March 22Cunning (or so they wish) marketers pretend to have created a community of people so taken with a breakfast cereal that they will band together. Are there among us Crunchy Nutters? I would not be surprised if there were or were not. There may be--I know that my father has enjoyed watching videos of a cartoon meerkat that sells insurance and people are on the whole softminded enough to join all sorts of gangs. But if there aren't, it would not matter much. The illusion is sufficient to make its own fact.
For my finals at university, I wrote a dissertation on advertising slogans. It was nuanced and brilliant, and quoted Marshall McLuhan. Sadly, its audacity was lost on the examiners, who I can only guess were hoping for something on syntax.
But syntax is the most utter bollocks. It's the practice in physics to claim that it does not describe the world, but considers a model that approximates the world. Sadly, this has led all those areas of enquiry that claim to be scientific to adopt the approach that their "models" need no ground in reality so long as they explain the facts. So the leading theories in grammar contend with each other in postulating outlandish methods of generating the sentences we utter.
The last straw for me in that nonsense was the suggestion that we form the structure of our utterances before applying a layer of meaning. This seems wrong to me for two reasons: first, that words are so clearly the servants of meaning--that we arrange them thus to have one meaning and thus to have another (so that dog bites man is entirely different from man bites dog, though each are syntactically equivalent and seem to say the same thing, simply exchanging agent with object--but we do not understand the same thing from them: it is in the normal course for a dog to bite, but it is a special thing for a man, so that the two words "bite" have different connotations).
Well, maybe that is how it happens: so many things work in ways you wouldn't credit.

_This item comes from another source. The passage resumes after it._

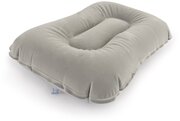 Надувная подушка Bestway 67121 Flocked Air Pillow (42х26х10см) бежевый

Like quantum physics. It's long been my conviction that quantum physics describes nothing at all, but is simply a model that works in mathematics, and is confirmed by figures, which satisfy the model--but do they answer to reality? I have often read that quantum physics has been confirmed by observation, and I understand the import of the double slit experiment and the like, but what I'm not clear on is whether something that a model predicts corresponding with reality necessarily confirms that the theory is describing the world or merely succeeding in giving results that fit it in a particular way.
The meerkat is quite funny, by the way. I'm not disparaging the meerkat. But there is a website with meerkat-related stuff, and people like my dad are teased by promises of upcoming videos, which they can watch in advance of their being screened as ads. All this for a supposed slip of the tongue. My dad believes it confirms the often-heard saying that "the ads are better than the telly".
I have been reading about Yemen, which will be in the news for the next while. I was much taken with Sana'a, its capital, which has a beautiful old city, full of houses all painted in the same fashion. It is of course now on my list, below Vegas and Vladivostok but ahead of Moldova. Yemen is unravelling, and Syria cannot be far behind. One can even dream of the day Arabia will no longer be Saudi.